Tell someone you are ringing in the New Year with your dog, and the response is sure to be “awe….” Trust me, I’ve done this three years in a row, and the pity tossed in my direction is heavy. Why do people pity those that chose to be alone? No idea. If I wanted to spend my New Years with people, I would. I have family, friends, and of course TINDER. But I don’t want to. At least not yet.
There are 2 bottles of champaign (ok prosecco) chilling in the fridge. I have the top 50 songs of 2016 playing, and I just did a little dance with a yoga follow up in my living room. My dog, who is sick, is passed out on the couch with her new toy, and this is exactly how I want to ring in 2017. Technically, I’d love to ring it in with the man of my dreams; HOWEVER, he hasn’t figured out how to cross the dream/reality realm divide…. so — let’s ring in the New Year with high hopes of a future of happiness.

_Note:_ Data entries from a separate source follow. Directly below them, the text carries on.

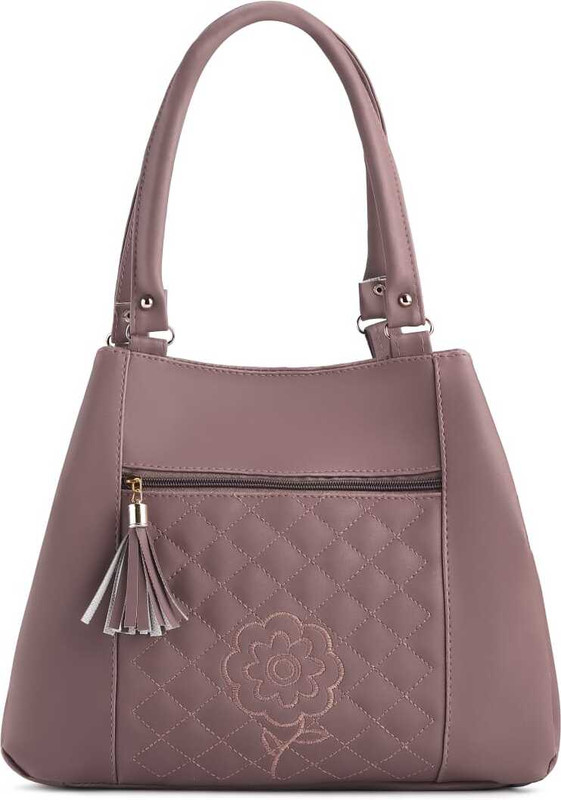 bissmillah traders Women Purple Messenger Bag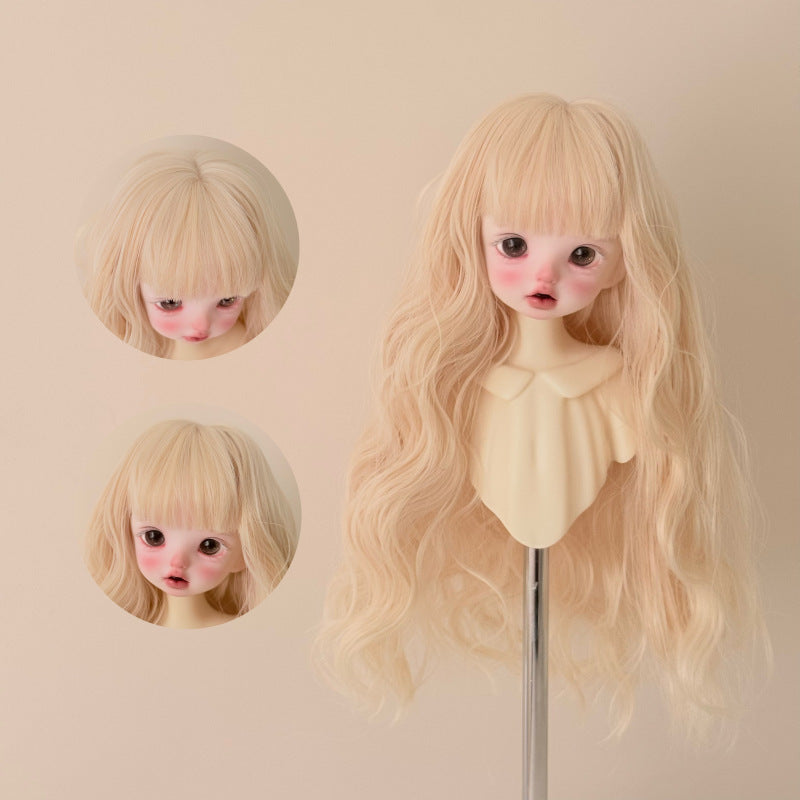Bangs Hair Embryo Can Be Changed Hand Soft Silk Small Cos Wig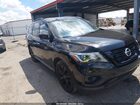 2018 Nissan Pathfinder Sl Черный vin: 5N1DR2MN4JC631208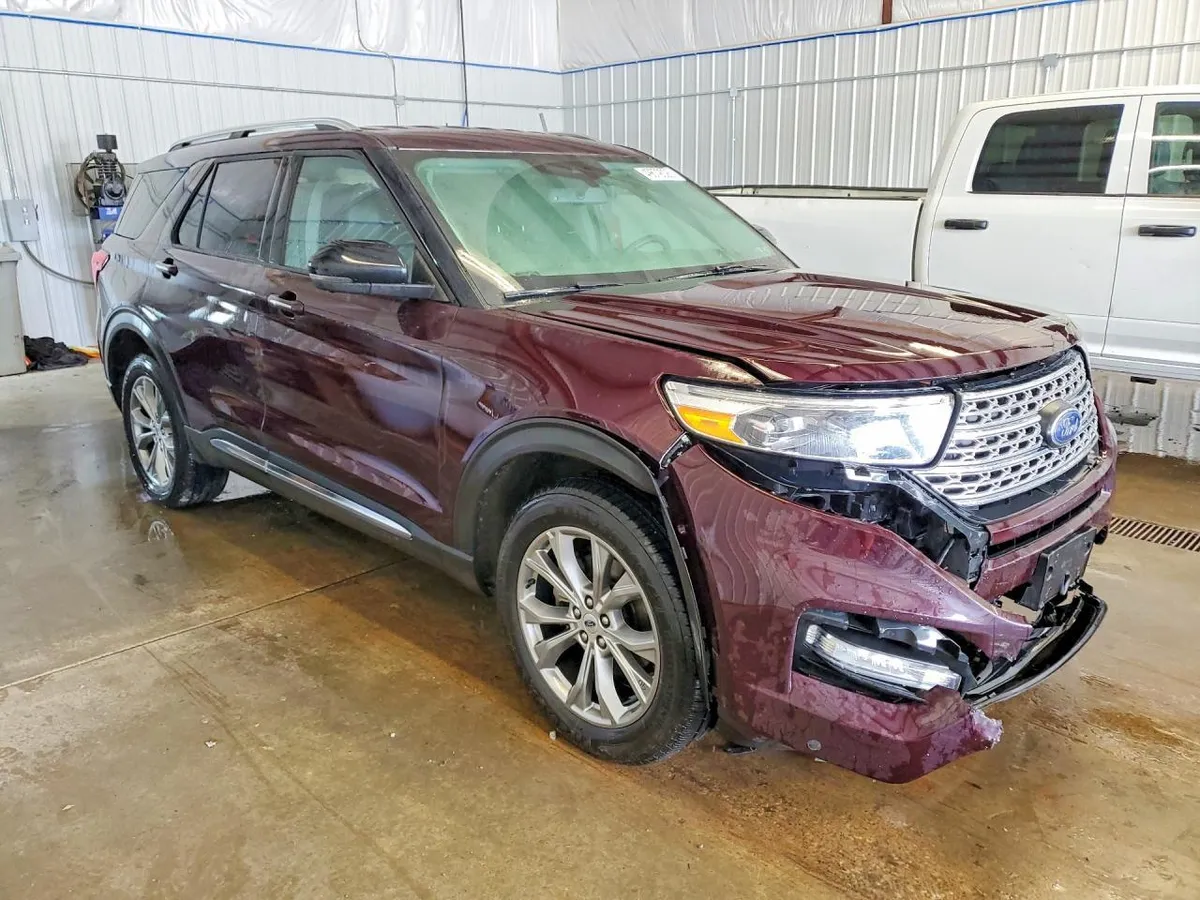 FORD EXPLORER LIMITED 2023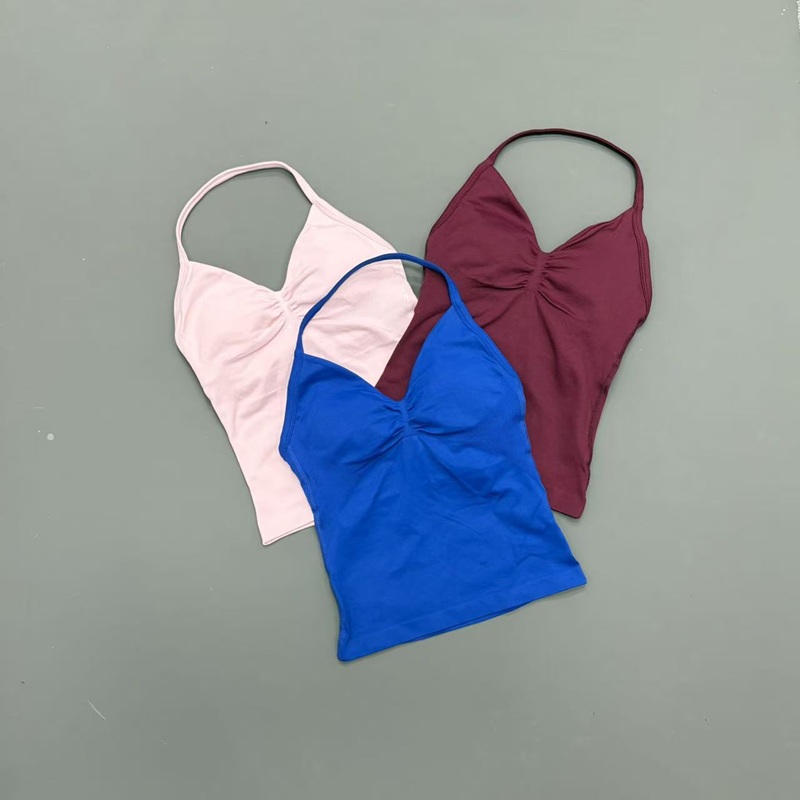 Gym Women Sports Tank Top Seam - Running Belt recension och pris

Funny how we do that. Good riddance to the year that felt like challange after challange to welcome the new undiscovered year. HOPE. We hope for new love, money, health, friendships, etc. Hope is good. I would probably not be here writing this post if it weren’t for hope. There have been too many sad days in my life to have made it this far without hope. My sad days are a direct result of my mental health. WHY CAN’T my mental health issues mean being too happy? Extreme joy and pleasure. I suppose that’s what they call Mania. A disorder I have not had the pleasure of enduring.
Back to HOPE. Let’s fill ourselves with as much hope as we can handle and look into the future of 2017. Let’s see ourselves with all our desires fullfilled. HAPPY FUCKING 2017 blog snobs. Love ya. Ok you got me… I’m a little drunk. Give me a break it’s New Years Eve. Write to ya later gater.